While all of these sources are relatively static, they do have version updates (on irregular cadences).  
It is not urgent to incorporate these updates, so running these updates should be done monthly or quarterly and require a more significant rebuild of the KSATT graph database as well.  

Prior to running this code for the first time, you should:
- Ensure you have all python packages installed on your local machine (and optionally in the virtual environment you use to run this).
- Create an empty new local Neo4j graph database. 
  - Start it upon creation, then stop it. 
  - Install the APOC plugin. 
  - Edit the settings file so that the minimum and maximum heap sizes are at least 1GB and 3GB respectively.
  - You'll need to restart the database after making those changes to the configuration.
- Substitute in your file path to the `neo4j_import_folder` variable in the *Prep* codeblock under *Download Data*. 
  - This file path can be found through Neo4j Desktop (... > Open folder > DBMS > import). I will open this directory in Finder then select "New Terminal at Folder" and `pwd` to copy and paste the full path. 
- Manually copy the `opm_onet_crosswalk.csv` file from this repository into the Neo4j DBMS import folder. 

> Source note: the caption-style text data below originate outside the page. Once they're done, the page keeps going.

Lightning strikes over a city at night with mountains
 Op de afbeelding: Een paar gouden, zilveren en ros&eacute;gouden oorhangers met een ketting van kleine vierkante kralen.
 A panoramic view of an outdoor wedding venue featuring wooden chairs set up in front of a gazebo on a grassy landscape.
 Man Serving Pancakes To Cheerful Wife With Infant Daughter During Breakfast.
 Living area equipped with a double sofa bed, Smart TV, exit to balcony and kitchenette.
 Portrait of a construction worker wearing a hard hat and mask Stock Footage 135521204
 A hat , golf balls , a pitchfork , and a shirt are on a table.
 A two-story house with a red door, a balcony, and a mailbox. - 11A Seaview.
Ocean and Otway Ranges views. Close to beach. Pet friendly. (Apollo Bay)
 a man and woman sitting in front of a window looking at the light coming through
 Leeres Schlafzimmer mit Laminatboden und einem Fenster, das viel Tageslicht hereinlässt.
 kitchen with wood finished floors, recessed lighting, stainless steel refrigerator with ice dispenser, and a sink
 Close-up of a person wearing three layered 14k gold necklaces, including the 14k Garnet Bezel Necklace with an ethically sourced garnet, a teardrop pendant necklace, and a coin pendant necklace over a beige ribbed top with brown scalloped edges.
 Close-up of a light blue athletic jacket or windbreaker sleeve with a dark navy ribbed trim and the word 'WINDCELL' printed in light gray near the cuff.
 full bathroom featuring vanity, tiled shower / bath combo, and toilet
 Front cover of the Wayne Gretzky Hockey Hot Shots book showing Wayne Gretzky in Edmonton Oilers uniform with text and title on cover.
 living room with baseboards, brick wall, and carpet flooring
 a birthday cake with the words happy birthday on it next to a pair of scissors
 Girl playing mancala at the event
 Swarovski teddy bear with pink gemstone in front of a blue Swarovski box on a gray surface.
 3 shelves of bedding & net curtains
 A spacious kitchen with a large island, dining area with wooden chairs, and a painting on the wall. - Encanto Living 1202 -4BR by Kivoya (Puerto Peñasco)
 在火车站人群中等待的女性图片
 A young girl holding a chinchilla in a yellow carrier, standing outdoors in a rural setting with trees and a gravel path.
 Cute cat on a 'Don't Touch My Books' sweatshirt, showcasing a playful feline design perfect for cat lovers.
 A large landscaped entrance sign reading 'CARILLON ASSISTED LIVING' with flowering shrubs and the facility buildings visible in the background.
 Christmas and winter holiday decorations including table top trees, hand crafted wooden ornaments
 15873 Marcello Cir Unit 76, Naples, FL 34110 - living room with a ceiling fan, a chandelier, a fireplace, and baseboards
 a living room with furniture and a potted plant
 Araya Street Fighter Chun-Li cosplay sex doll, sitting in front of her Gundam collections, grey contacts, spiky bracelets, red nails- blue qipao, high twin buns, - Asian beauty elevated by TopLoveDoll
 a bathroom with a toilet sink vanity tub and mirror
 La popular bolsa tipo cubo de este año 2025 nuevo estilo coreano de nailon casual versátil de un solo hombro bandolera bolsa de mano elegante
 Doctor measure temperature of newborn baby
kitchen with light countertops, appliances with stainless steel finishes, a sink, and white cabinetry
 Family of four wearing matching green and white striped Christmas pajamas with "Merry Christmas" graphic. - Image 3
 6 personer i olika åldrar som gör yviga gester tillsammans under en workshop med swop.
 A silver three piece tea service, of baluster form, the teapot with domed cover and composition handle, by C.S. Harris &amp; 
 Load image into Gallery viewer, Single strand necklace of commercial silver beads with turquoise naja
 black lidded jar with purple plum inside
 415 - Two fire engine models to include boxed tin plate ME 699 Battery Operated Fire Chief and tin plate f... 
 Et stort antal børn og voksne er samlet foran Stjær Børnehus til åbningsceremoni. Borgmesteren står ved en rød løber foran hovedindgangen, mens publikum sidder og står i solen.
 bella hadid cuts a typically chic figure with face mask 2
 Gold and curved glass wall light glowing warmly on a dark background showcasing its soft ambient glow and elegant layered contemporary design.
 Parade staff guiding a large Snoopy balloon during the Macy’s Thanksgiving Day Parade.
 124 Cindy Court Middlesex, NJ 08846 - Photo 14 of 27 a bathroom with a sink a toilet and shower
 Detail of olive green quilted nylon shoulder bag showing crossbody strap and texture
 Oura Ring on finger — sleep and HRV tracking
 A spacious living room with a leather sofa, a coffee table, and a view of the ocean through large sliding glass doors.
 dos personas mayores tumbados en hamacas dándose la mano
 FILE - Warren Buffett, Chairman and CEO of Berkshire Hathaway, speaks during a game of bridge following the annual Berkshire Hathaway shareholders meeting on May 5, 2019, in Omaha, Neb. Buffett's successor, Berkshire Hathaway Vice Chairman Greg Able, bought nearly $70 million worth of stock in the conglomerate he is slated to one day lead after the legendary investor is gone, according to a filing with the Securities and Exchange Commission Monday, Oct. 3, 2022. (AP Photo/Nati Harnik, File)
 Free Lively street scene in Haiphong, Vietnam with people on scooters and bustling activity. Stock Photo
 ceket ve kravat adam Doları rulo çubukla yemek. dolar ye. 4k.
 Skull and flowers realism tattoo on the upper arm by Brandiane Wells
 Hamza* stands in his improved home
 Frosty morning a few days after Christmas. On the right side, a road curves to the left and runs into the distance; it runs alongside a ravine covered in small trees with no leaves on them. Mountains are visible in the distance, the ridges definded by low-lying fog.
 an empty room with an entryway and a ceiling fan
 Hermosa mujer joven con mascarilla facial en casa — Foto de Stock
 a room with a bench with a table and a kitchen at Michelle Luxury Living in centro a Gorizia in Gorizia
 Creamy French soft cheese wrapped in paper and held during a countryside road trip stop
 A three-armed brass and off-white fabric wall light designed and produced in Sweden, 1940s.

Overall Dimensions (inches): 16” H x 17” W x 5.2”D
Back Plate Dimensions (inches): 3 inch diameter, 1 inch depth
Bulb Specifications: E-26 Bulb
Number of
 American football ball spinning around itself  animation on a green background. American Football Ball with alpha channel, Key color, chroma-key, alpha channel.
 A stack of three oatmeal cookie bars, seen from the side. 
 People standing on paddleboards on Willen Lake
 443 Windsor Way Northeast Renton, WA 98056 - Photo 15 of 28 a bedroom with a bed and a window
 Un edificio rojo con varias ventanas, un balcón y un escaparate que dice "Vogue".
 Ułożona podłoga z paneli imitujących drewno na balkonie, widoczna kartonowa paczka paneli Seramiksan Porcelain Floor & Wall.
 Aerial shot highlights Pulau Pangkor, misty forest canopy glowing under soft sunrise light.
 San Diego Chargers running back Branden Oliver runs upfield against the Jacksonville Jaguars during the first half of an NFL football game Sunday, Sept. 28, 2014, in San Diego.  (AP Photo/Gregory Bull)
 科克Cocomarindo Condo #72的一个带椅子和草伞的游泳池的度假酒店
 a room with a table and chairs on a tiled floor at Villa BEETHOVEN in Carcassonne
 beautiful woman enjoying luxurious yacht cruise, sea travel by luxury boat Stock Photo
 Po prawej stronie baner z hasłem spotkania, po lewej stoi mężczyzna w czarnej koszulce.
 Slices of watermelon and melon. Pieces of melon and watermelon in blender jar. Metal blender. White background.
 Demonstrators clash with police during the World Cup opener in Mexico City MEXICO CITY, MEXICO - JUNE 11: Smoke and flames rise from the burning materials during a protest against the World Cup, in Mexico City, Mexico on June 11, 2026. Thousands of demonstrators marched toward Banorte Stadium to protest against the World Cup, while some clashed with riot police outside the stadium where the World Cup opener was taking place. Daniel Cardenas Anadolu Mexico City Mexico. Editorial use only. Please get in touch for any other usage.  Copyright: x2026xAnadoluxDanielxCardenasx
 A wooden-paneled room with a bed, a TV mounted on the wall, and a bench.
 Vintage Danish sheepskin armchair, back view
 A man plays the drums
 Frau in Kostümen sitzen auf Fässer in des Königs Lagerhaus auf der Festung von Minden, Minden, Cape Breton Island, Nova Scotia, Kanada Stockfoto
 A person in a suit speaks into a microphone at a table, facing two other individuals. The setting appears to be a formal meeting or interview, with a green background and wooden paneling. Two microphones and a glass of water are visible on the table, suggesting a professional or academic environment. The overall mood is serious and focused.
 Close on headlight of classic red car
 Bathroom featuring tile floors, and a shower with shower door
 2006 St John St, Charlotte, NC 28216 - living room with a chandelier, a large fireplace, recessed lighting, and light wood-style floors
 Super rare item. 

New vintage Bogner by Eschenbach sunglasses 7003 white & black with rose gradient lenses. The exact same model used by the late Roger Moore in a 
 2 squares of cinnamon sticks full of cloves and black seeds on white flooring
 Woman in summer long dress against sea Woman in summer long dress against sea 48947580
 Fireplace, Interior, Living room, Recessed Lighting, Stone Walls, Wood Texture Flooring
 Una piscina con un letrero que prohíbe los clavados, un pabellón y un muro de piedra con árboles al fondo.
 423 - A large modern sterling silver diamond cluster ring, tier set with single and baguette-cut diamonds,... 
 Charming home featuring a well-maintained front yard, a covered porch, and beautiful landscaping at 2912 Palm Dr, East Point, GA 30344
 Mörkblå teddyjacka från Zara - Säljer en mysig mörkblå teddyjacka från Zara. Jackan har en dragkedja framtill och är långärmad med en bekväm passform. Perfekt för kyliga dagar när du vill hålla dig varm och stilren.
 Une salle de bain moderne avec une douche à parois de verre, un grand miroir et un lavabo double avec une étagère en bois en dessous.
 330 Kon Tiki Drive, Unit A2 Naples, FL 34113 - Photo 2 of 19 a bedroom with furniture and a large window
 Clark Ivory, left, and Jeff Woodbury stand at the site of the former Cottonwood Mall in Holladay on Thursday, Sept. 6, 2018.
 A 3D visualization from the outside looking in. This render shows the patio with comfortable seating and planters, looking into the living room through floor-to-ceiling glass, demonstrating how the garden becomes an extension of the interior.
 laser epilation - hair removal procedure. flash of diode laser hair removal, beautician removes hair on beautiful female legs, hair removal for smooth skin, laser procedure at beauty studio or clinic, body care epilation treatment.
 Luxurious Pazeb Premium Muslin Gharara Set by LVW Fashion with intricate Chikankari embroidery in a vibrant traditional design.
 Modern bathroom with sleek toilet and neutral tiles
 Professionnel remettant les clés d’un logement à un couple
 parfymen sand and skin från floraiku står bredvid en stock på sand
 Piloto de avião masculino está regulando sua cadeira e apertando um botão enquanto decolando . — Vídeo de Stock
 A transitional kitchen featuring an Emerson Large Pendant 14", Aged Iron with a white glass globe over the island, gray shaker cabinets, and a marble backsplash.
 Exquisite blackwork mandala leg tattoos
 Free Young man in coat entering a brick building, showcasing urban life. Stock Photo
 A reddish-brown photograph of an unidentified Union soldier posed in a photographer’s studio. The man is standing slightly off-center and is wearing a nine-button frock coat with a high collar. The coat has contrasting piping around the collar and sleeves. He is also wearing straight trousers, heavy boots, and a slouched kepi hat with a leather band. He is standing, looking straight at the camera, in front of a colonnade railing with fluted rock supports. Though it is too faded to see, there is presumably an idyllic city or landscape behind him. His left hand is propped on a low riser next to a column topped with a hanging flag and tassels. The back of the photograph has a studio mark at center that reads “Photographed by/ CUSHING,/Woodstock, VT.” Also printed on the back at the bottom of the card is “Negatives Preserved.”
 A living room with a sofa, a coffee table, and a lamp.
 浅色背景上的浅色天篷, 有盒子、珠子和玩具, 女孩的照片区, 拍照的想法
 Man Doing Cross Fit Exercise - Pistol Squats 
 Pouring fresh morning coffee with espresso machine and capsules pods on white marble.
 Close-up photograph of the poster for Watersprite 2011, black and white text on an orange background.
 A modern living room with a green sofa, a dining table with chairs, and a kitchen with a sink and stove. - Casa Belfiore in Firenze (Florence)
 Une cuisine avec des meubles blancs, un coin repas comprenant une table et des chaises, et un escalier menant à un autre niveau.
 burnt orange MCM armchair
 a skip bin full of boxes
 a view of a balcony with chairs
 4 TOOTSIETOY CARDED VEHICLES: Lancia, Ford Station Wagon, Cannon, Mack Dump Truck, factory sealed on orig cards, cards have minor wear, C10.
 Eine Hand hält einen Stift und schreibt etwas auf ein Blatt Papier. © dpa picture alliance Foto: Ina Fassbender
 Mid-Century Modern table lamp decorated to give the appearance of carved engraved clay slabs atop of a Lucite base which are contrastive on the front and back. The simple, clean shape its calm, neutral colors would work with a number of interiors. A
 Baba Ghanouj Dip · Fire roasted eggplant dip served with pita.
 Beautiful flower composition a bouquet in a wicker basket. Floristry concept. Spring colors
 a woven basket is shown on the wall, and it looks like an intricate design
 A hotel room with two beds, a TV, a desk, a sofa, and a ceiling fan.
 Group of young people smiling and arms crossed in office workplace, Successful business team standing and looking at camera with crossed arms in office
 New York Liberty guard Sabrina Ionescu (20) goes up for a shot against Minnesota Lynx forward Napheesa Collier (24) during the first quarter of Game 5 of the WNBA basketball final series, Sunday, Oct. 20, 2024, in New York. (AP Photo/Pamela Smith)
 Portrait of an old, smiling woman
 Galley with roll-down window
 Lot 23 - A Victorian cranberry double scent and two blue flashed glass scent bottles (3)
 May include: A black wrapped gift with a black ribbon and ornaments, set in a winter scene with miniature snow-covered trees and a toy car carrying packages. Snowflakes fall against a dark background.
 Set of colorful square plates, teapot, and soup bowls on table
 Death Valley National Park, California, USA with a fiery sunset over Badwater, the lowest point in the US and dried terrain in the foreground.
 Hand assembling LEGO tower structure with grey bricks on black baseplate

Make sure your Neo4j database is started before running this code.  
When this code is ran, it:
- Downloads data from ONET, ESCO and NICE in the form of CSVs into the Neo4j import folder. **Remember to change `download_new_data` flag to True.**
- Cleans all data in the Neo4j import folder in preparation for upload. 
- Clears a local **existing and running** Neo4j graph database, then uploads the newly downloaded and cleaned data. 

### To Do
- Incorporate [ONET Crosswalks](https://www.onetcenter.org/crosswalks.html).
- Possibly incorporate USA Jobs. 

### Cahnges in code to run in MemGraph
- apoc.periodic.iterate -> periodic.iterate
- WITH HEADERS -> WITH HEADER and move after csv file location
- batchSize -> batch_size and only accepts one parameter, number in batch
- YIELD operation did not work, changed to YIELD * RETURN * for now
- added some functions specifically for mage and constraints

# Upload to MEM

## Clear Database and Assert Schema

In [None]:
# MATCH (n) DETACH DELETE n 
#from neo4j import GraphDatabase
 
#URI = "bolt://localhost:7687"
#AUTH = ("  "")
 
#with GraphDatabase.driver(URI, auth=AUTH) as client:

#    query = "CREATE CONSTRAINT ON (n:ONET_Major_Group) ASSERT n.key IS UNIQUE;"
#   client.execute_query(query)
 
#with GraphDatabase.driver(URI, auth=AUTH).session() as session:
#    session.run("CREATE CONSTRAINT ON (n:ONET_Major_Group) ASSERT n.key IS UNIQUE;")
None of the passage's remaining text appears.